Nein, der Mensch existiert heute nicht mehr. Er zu aller erst Angehöriger eines Volkes, einer Religion, einer Partei, einer Firma, einer Familie oder sonst einer Interessengemeinschaft. Einen Menschen findet man hinter all diesen Fassaden schon lange nicht mehr. Es sind aller nur noch Schauspieler und Schausteller. Die Glück und Hoffnung verkaufen, wie eine Ware - und ihre Geschenke und Pakete finden reissenden Absatz. Wer das größte Paket schnürt, von dem die meisten glauben, es sei Hoffnung drin, bekommt selbst noch das letzte Hemd von diesen armseligen Menschen, die keine mehr sind, sondern nur noch glauben sie seien welche.

Sie sind erfüllt von einer Moral, die ihnen erlaubt andere schlecht und noch schlechter zu behandelten; die ihnen erlaubt Unrecht als Recht zu tun. Mittlerweile ist diese angebliche Menschheit zu einem unerträglichen, sinkenden Haufen von Selbstverleugnung und Selbstgefälligkeit herangereift, die unsägliche Früchte des Hasses und der Rache in sich trägt und das auch noch Gerechtigkeit nennt.

Ein anständiger Mensch braucht keine Moral und keine Regeln, die ihm sagen, was richtig und falsch ist. Doch wer unter dem Joch des Eigentumsdenken leben will, muss sich selber Gesetze geben, damit er im Wettbewerb sich den anderen ohne schlechtes Gewissen unterwerfen kann.

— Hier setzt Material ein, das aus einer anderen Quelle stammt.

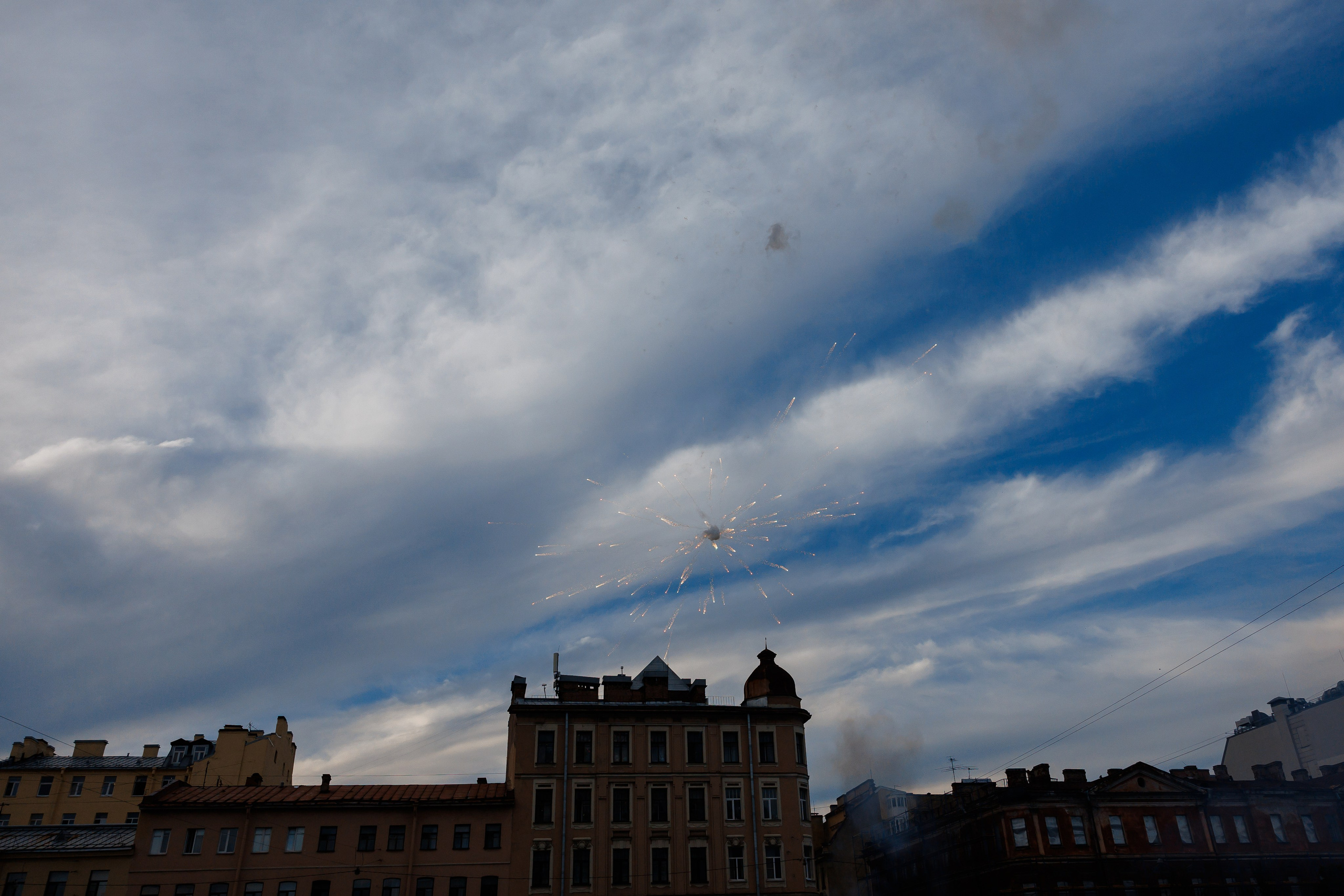 EVENT PHOTO. Фото и видео съёмка в Санкт-Петербурге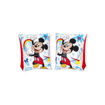 Picture of ARM BANDS MICKEY MOUSE 3-6 YEARS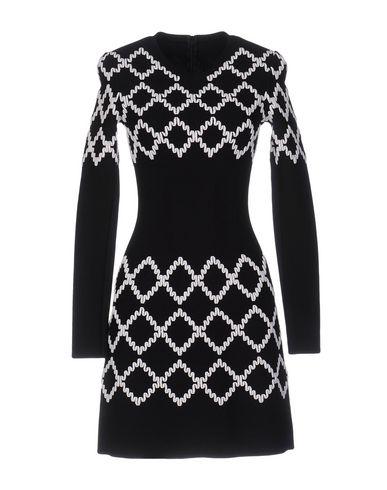 Платье ALAÏA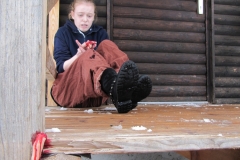 aufbaukurs-2016-I-erste-hilfe_116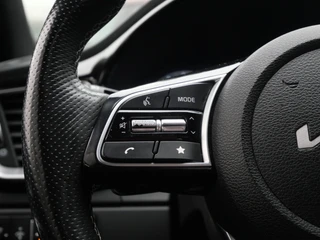Kia XCeed – thumbnail 11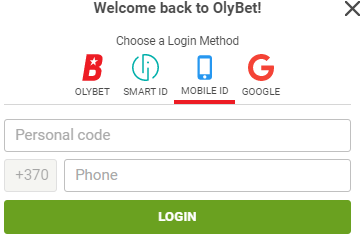 MB_ENG.PNG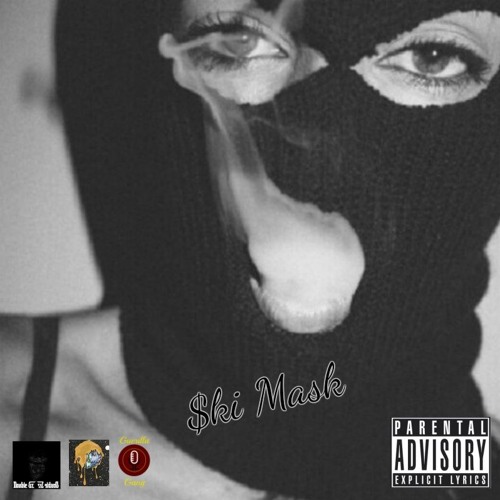 Uncle Mundo-"$ki Mask FreeStyle"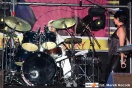 Dni Jasła 2009 - Koncert Tatiany Okupnik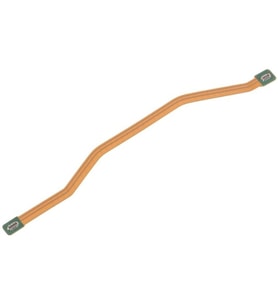 Samsung Galaxy S25 Edge Signal Flex Kablosu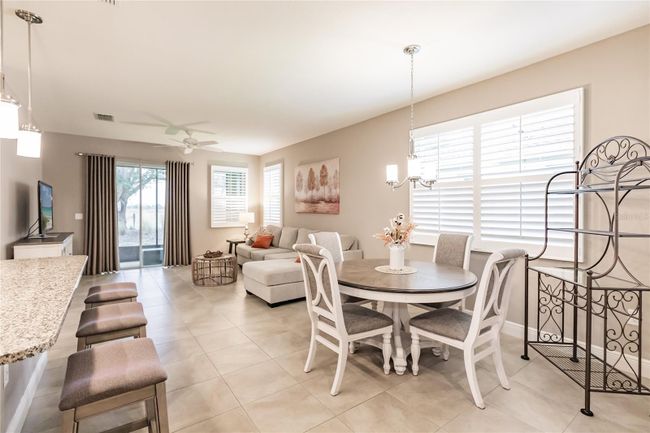 OPEN FLOOR PLAN | Image 7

Ja, wer einmal erkannte, dass die Moral das ist, was den Menschen schlecht und widerlich macht, empfindet nur noch Ekel vor dem was ihm einmal als Gerechtigkeit erschien. 

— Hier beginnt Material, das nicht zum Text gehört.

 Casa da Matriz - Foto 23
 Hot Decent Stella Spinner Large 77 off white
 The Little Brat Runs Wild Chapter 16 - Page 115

Daher habe ich keine Lust mehr darauf, von Euch erzählt zu bekommen, was Gerechtigkeit ist. Es gibt bei Euch nur eine Gerechtigkeit, wenn ihr Euch arm denkt und gegen die Reichen wettert. Der Reiche darf dann keine Gerechtigkeit mehr erhoffen. Es gibt für Euch nur dann Gerechtigkeit, wenn ihr Euch als Deutsche denkt. Der Rest der Welt darf dann keine Gerechtigkeit mehr einfordern. Das verstieße gegen die Regeln.

Also lasst mich in Ruhe mit Euren Regeln und Eurer Moral. Sie sind nichts wert. Sie sind es nicht einmal Wert erörtert zu werden.